On November 6, Cricket SA (CSA) said they were “carrying out an investigation after gathering intelligence that an international syndicate is attempting to corrupt domestic cricket in SA”.
CSA said on December 15 that they had provisionally suspended an “intermediary” for “contriving to fix, or otherwise improperly influence aspects of the 2015 (franchise) … T20 … series and with failing or refusing, without compelling justification, to co-operate with an investigation carried out by CSA’s designated anti-corruption official”.
Speculation has since mounted about the identity of the “intermediary”. The latest theory is centered on an as yet unnamed former national player.
Whoever the guilty party is, they should be quaking in their boots.
The “Prevention and Combating of Corrupt Activities Act” of 2004 includes what is known as the “Hansie” clause, a reference to former SA captain Hansie Cronje, who was banned from cricket for life in 2000 for accepting money to illicitly influence the outcome of matches.
According to the Act, “Any person who … accepts or agrees or offers to accept any gratification from any other person … or gives or agrees or offers to give to any other person any gratification … in return for engaging in any act which constitutes a threat to or undermines the integrity of any sporting event … including, in any way influencing the run of play or the outcome of a sporting event; or not reporting the act … is guilty of the offence of corrupt activities relating to sporting events”.
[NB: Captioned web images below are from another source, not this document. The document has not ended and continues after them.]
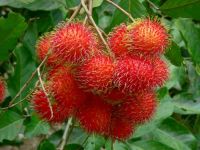 HIGH QUALITY EXOTIC FRESH FRUITS - NATURAL SWEET FLESH RAMBUTAN FRUIT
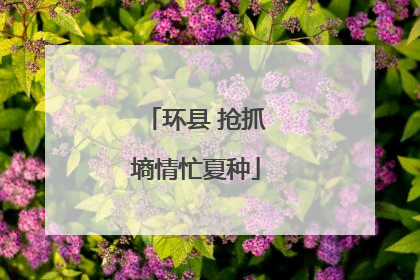 环县 抢抓墒情忙夏种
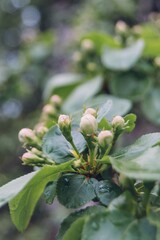Buds of apple tree. Young green leaves blooming on the tree. Unblown bud of fruit tree in spring. Spring garden. first tree shoots
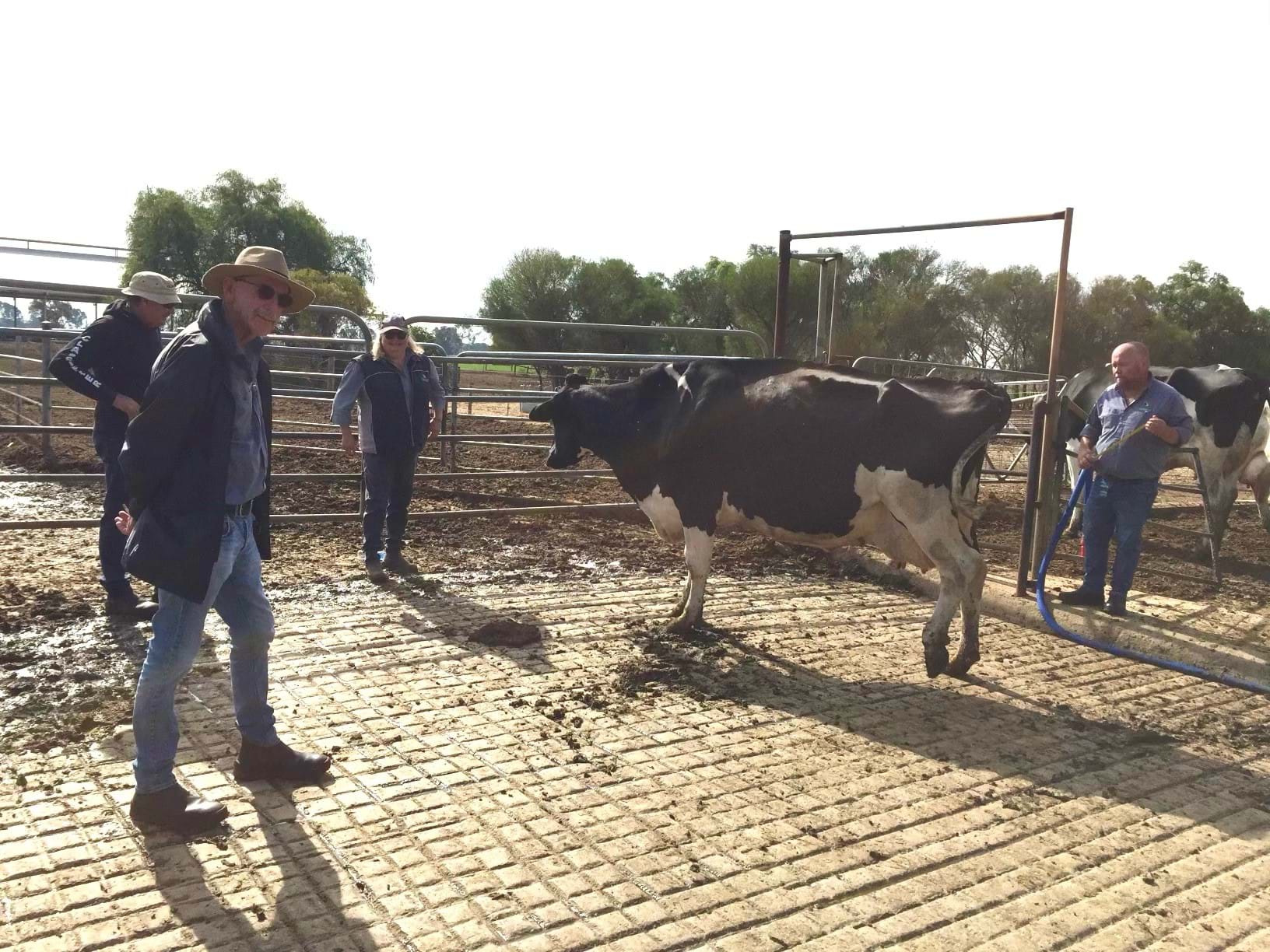 Phil Hentschke with the Classification Team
That means all those who make such offers, as well as those who know of offers but do not reveal them to the relevant authorities, are guilty of breaking the law.
The stipulated penalties include a fine or imprisonment – up to a life sentence if the accused is convicted in the High Court. That drops to a maximum of 18 years if the case is heard in a regional court, and five years in a magistrate’s court.
Exactly who is in trouble remains a mystery, although several names have been bandied about.
“The investigation is still under way,” CSA spokesperson Altaaf Kazi said on Wednesday. “We don’t have any further comment.”
He could not provide any answers about the investigation team or the anti-corruption unit, saying he, too, was in the dark about their workings.
Asked whether the investigation was internal or had been handed to the SA Police Services, Kazi said: “We are waiting for our anti-corruption unit. Only then will we know where we stand.
“I don’t know if the person has been charged at a police station in accordance with SA law. That is for the anti-corruption unit to decide.
“We have said in a statement that a person of interest has been identified. That person is the intermediary. Whether the intermediary is also the former Proteas player I don’t know because I am far away from the investigation.”